I’m very interested in some OpenNMT features that tensorflow version has and I try to experiment with this version. I’m previously using OpenNMT-py and I tried to setup model in OpenNMT-tf as close to python version as possible.
I train my Chinese - Vietnamese model with 32k sentence pairs on train set, about 2k sentence pairs on dev and test set.
Sadly, when I’m using the default Rnnsmall autoconfig setting, the model get overfitted really quickly. I tried changing the params and use custom model with no success.
Whatever I tried, the model seems slowly increasing evaluation loss, sometimes immediately on the next evaluation after the first evaluation.
This is the best run I can get so far. I use BiRNN model with BLEU score of 30.87 on step 65k
After step 15k, eval loss slowly increase so I stopped training eventually.
This is the config I use:
model_dir: model data: eval_features_file: cv.dev.cn eval_labels_file: cv.dev.vn source_words_vocabulary: src-vocab.txt target_words_vocabulary: tgt-vocab.txt train_features_file: cv.train.cn train_labels_file: cv.train.vn eval: batch_size: 32 eval_delay: 0 exporters: last infer: batch_size: 32 bucket_width: 0 params: average_loss_in_time: true beam_width: 5 learning_rate: 2.0 # The scale constant. clip_gradients: null decay_step_duration: 8 # 1 decay step is 8 training steps. decay_type: noam_decay_v2 decay_params: model_dim: 512 warmup_steps: 2000 # (= 16000 training steps). start_decay_steps: 0 label_smoothing: 0.1 length_penalty: 0 gradients_accum: 1 optimizer: AdamOptimizer optimizer_params: beta1: 0.9 beta2: 0.998 score: batch_size: 64 train: average_last_checkpoints: 8 batch_size: 4096 batch_type: tokens keep_checkpoint_max: 8 maximum_features_length: 50 maximum_labels_length: 50 sample_buffer_size: -1 save_checkpoints_steps: 5000 save_summary_steps: 100 train_steps: 200000
This is my custom model
def model(): return onmt.models.SequenceToSequence( source_inputter=onmt.inputters.WordEmbedder( vocabulary_file_key="source_words_vocabulary", embedding_size=512, dtype=tf.float16 ), target_inputter=onmt.inputters.WordEmbedder( vocabulary_file_key="target_words_vocabulary", embedding_size=512, dtype=tf.float16 ), encoder=onmt.encoders.BidirectionalRNNEncoder( num_layers=2, num_units=500, reducer=onmt.layers.ConcatReducer(), cell_class=tf.nn.rnn_cell.LSTMCell, dropout=0.2, residual_connections=False ), decoder=onmt.decoders.AttentionalRNNDecoder( num_layers=2, num_units=500, bridge=onmt.layers.CopyBridge(), attention_mechanism_class=tf.contrib.seq2seq.LuongAttention, cell_class=tf.contrib.rnn.LSTMCell, dropout=0.2, residual_connections=False))

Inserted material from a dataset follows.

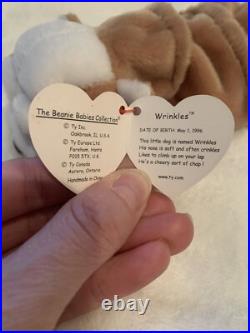 TY 1996 Wrinkles Beanie Baby Very Rare Retired with Error in Poem and Tush Tag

Compared to OpenNMT-py, I got BLEU score of 37.83 with the following config
!CUDA_VISIBLE_DEVICES=0 python train.py -data data/test.atok.low -save_model demo_model -gpu_ranks 0 -optim adam -learning_rate 0.001 -encoder_type brnn \ -dropout 0.2 -word_vec_size 512 -train_steps 200000\ -batch_type tokens -normalization tokens \ -label_smoothing 0.1
I hope I can get some help, why the model on tensorflow get overfitted so easily and the translation quality is worse than the py version despite I tried setting them up as close to each other as possible?